②作戦会議
「敵は橋頭保となる地点………補給や物資の運搬がしやすい場所を求めたのではないですか?」
フェルラントが額に手を当てながら答えた。そして地図上のゲンテの街に指を向ける。
「この街には、我々が集めた物資が大量に捨て置かれています!」
「加えると、地元領主が我々に売らせなかった物資もだ」
街一つに残されたあらゆる物資で、蛮族達は数千人分の物資を確保した事になる。
「奴らは、この街にそれだけの物資が集まるのを知っていた。そして、俺達が騎士団を分けた時期を見計らって攻めてきた」
あまりにもタイミングが良すぎる。デルは、自分達の情報が筒抜けだったと確信する。
「そんな馬鹿な………それだけの情報収集力が蛮族達に」
フェルラントが眉をひそめた。
そこへ、デルは人差し指を天井へ向ける。
「空だ………俺も、昨日まで全く気が付かなかったよ」
デルは重傷のオセを運んだ正体が翼をもった亜人、バードマンだったと説明すると、二人はこれまでに何度も鳥らしき姿が自分達の真上、空高くで円を描いていた事を思い出す。
「全く嫌な話だ」
デルが苦い表情になる。そして蛮族からしてみれば、さぞ簡単な任務だっただろうと自嘲気味に鼻を鳴らす。空を飛んでいるだけで、どこから敵が来るのか、物資がどこに集まっているのか、敵の数から陣形まで分かるばかりか、それを妨害する外敵すら存在しない。
「しかし、敵が空から情報を得るのであれば、ゲンテへの襲撃も察知されてしまうのでは?」
「いや、それは解決できる」
バルデックのもっともな疑問にデルが即答すると、フォースィの顔を見る。すると彼女は地図に近付き、ゲンテの街から北東にある森を指した。
「この集落の地下には大きな洞窟があって、その出口がここに通じているの。さすがの彼らもこの洞窟の存在までは知らないはず。知っていたとしても、わざわざここに戦力を裂く事はしないでしょう」
「さらに蛮族達は、これから王国騎士団の本隊と対峙するべく、殆どの戦力を街の外へと向けているはずだ」
これから本隊に向かっても、既に戦いは始まっているだろう、デルはさらにと付け加える。

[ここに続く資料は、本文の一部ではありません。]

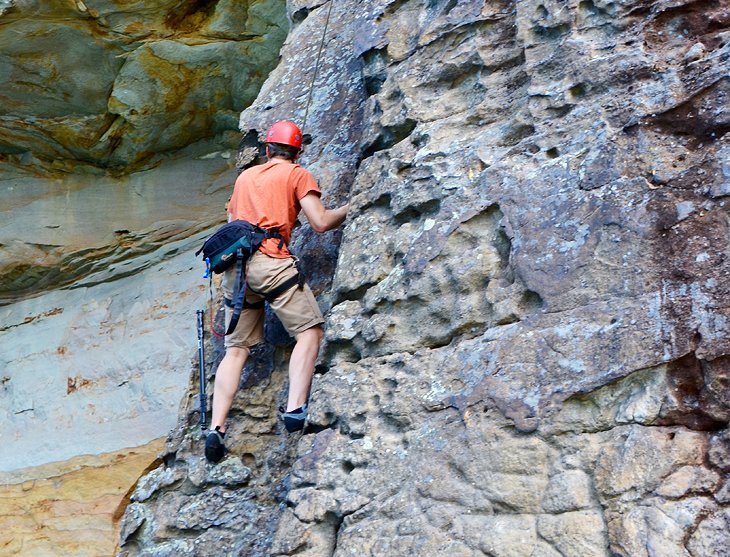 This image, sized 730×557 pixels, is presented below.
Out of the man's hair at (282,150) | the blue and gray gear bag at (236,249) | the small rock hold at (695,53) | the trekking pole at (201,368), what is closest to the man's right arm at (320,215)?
the blue and gray gear bag at (236,249)

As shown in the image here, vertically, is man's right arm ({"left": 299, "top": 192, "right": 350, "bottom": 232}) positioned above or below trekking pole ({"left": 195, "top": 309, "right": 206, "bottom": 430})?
above

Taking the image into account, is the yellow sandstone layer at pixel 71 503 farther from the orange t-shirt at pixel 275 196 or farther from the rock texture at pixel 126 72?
the orange t-shirt at pixel 275 196

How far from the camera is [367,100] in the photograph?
6.58m

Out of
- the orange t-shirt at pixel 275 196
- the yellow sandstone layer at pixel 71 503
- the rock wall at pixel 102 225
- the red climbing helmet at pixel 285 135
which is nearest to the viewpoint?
the orange t-shirt at pixel 275 196

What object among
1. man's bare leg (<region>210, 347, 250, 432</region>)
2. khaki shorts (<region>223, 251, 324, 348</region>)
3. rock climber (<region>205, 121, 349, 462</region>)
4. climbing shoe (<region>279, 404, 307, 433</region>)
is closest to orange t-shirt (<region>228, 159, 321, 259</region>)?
rock climber (<region>205, 121, 349, 462</region>)

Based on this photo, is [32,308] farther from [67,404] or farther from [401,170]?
[401,170]

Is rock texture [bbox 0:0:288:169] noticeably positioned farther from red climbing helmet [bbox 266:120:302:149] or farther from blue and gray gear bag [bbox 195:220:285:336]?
blue and gray gear bag [bbox 195:220:285:336]

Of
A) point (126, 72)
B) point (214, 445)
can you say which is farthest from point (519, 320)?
point (126, 72)

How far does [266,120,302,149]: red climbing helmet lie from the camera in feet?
21.9

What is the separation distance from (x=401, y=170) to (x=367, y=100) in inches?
39.7

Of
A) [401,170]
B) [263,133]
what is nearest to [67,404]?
[263,133]

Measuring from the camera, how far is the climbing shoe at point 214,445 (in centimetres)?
618

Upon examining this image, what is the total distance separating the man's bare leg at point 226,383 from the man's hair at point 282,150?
4.53 feet

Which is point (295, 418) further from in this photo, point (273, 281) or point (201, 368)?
point (201, 368) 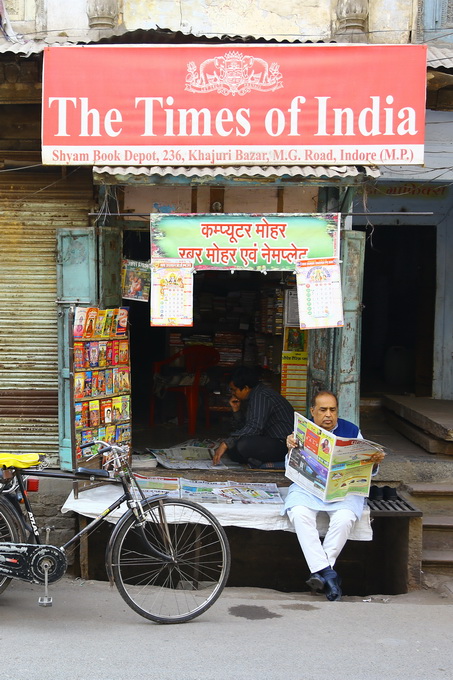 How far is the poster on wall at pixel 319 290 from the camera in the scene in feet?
19.6

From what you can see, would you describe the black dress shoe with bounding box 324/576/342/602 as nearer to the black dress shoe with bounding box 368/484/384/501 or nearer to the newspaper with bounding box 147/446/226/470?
the black dress shoe with bounding box 368/484/384/501

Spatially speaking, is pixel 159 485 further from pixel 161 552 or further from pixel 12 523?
pixel 12 523

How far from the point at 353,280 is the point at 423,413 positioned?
2015mm

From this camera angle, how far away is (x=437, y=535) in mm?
6219

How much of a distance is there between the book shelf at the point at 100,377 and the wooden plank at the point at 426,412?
2.98 metres

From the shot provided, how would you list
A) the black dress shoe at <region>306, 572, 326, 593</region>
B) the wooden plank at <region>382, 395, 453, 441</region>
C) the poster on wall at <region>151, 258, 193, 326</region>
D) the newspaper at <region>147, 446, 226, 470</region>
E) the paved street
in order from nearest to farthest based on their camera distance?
the paved street < the black dress shoe at <region>306, 572, 326, 593</region> < the poster on wall at <region>151, 258, 193, 326</region> < the newspaper at <region>147, 446, 226, 470</region> < the wooden plank at <region>382, 395, 453, 441</region>

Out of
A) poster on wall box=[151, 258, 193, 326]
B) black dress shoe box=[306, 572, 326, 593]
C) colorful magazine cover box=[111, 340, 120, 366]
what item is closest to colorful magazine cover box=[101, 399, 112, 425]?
colorful magazine cover box=[111, 340, 120, 366]

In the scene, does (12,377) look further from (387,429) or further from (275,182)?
(387,429)

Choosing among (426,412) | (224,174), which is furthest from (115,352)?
(426,412)

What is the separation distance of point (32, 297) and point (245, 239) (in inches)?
87.0

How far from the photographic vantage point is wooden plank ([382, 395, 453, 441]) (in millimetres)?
7020

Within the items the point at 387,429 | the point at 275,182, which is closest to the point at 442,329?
the point at 387,429

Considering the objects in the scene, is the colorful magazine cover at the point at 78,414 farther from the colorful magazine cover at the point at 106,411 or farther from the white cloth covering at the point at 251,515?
the white cloth covering at the point at 251,515

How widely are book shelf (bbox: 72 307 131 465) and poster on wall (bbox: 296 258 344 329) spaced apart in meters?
1.66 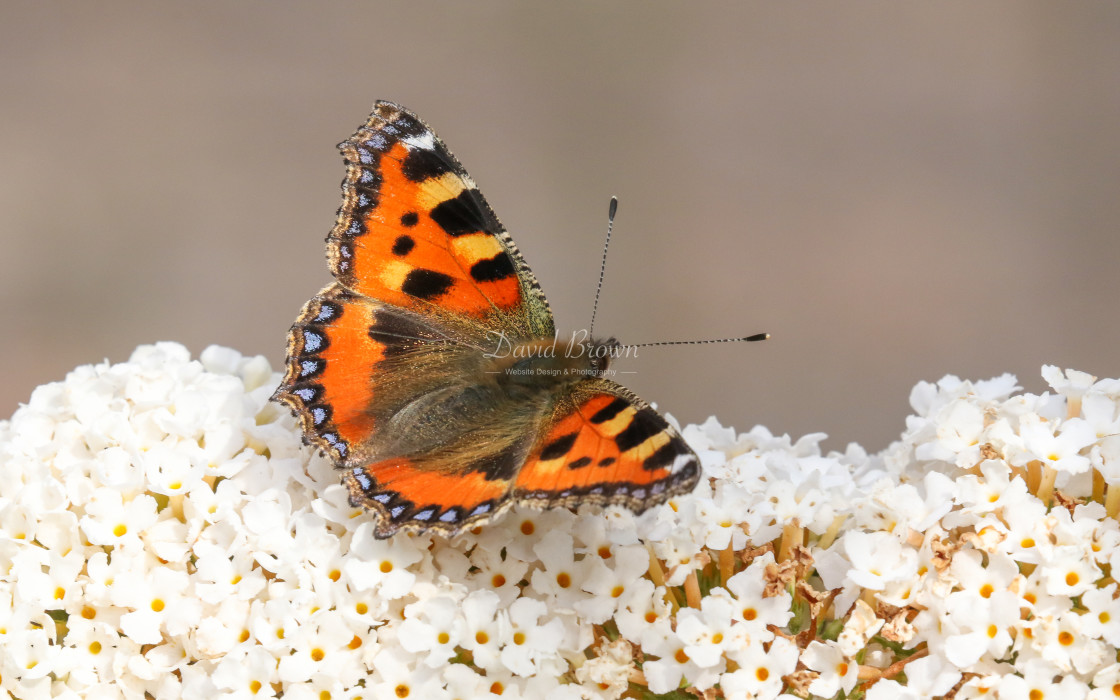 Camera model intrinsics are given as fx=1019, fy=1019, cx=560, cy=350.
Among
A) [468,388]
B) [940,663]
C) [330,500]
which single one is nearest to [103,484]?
[330,500]

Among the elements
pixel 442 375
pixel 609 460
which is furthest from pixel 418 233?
pixel 609 460

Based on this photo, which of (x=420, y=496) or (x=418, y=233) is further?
(x=418, y=233)

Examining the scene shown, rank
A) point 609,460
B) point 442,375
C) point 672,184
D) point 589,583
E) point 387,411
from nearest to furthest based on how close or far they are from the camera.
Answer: point 609,460, point 589,583, point 387,411, point 442,375, point 672,184

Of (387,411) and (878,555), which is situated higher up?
(387,411)

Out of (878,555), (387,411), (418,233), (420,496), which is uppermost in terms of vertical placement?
(418,233)

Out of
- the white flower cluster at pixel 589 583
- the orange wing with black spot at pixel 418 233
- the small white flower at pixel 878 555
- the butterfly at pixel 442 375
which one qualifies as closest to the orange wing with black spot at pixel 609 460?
the butterfly at pixel 442 375

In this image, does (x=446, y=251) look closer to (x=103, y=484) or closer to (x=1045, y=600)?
(x=103, y=484)

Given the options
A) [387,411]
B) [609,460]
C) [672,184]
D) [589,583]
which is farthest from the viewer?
[672,184]

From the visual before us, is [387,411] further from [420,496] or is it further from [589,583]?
[589,583] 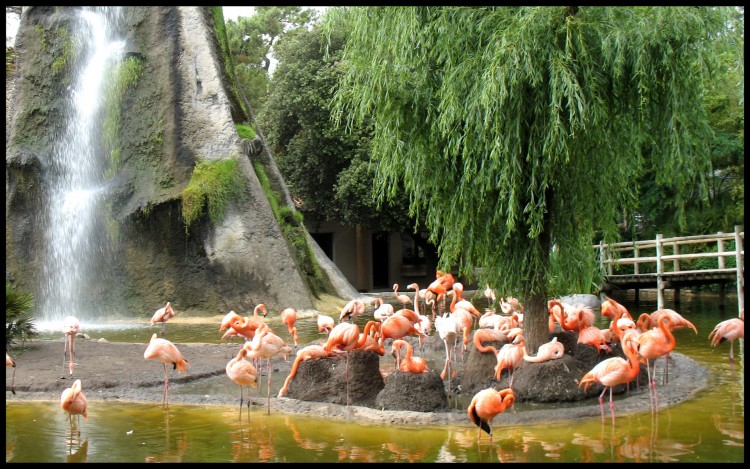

「仮に我々が戦いの前に合流できたとしても、どこまで信用してもらえるか分からない」
戦ってきた我々ですら未だに信じられないと思っている者が多い。人類が、王国が、蛮族達を単なる低水準の文化を持つ原始的な人種と侮り続けたツケが、ここになって回ってきたのである。
デルは下唇を噛みながら悔しがった。
「………分かりました」
フェルラントは一旦両手で顔を覆うと目頭を強く抑えるように揉み、大きく息を吐きながらデルの提案に賛同する。
「どれも憶測ばかりなので、本来であれば団長を止めなければならない立場なのですが………どうやら、それしかないように思えますなぁ。上手くいけば敵の後方を断ち、間接的に騎士団の本隊を助ける事に繋がります」
大軍同士の戦闘において、補給や退路が断たれる事による心理的負担は決して小さくないと、フェルラントがぬるくなった薬湯を飲み干した。
「我々はどこまでも団長についていきますよ」
バルデックは全部言われてしまいましたと肩をすくめる。
「………皆、すまないな」
デルは自分のコップを持つと、二人に見せるように少し掲げてから、薬湯を飲み干した。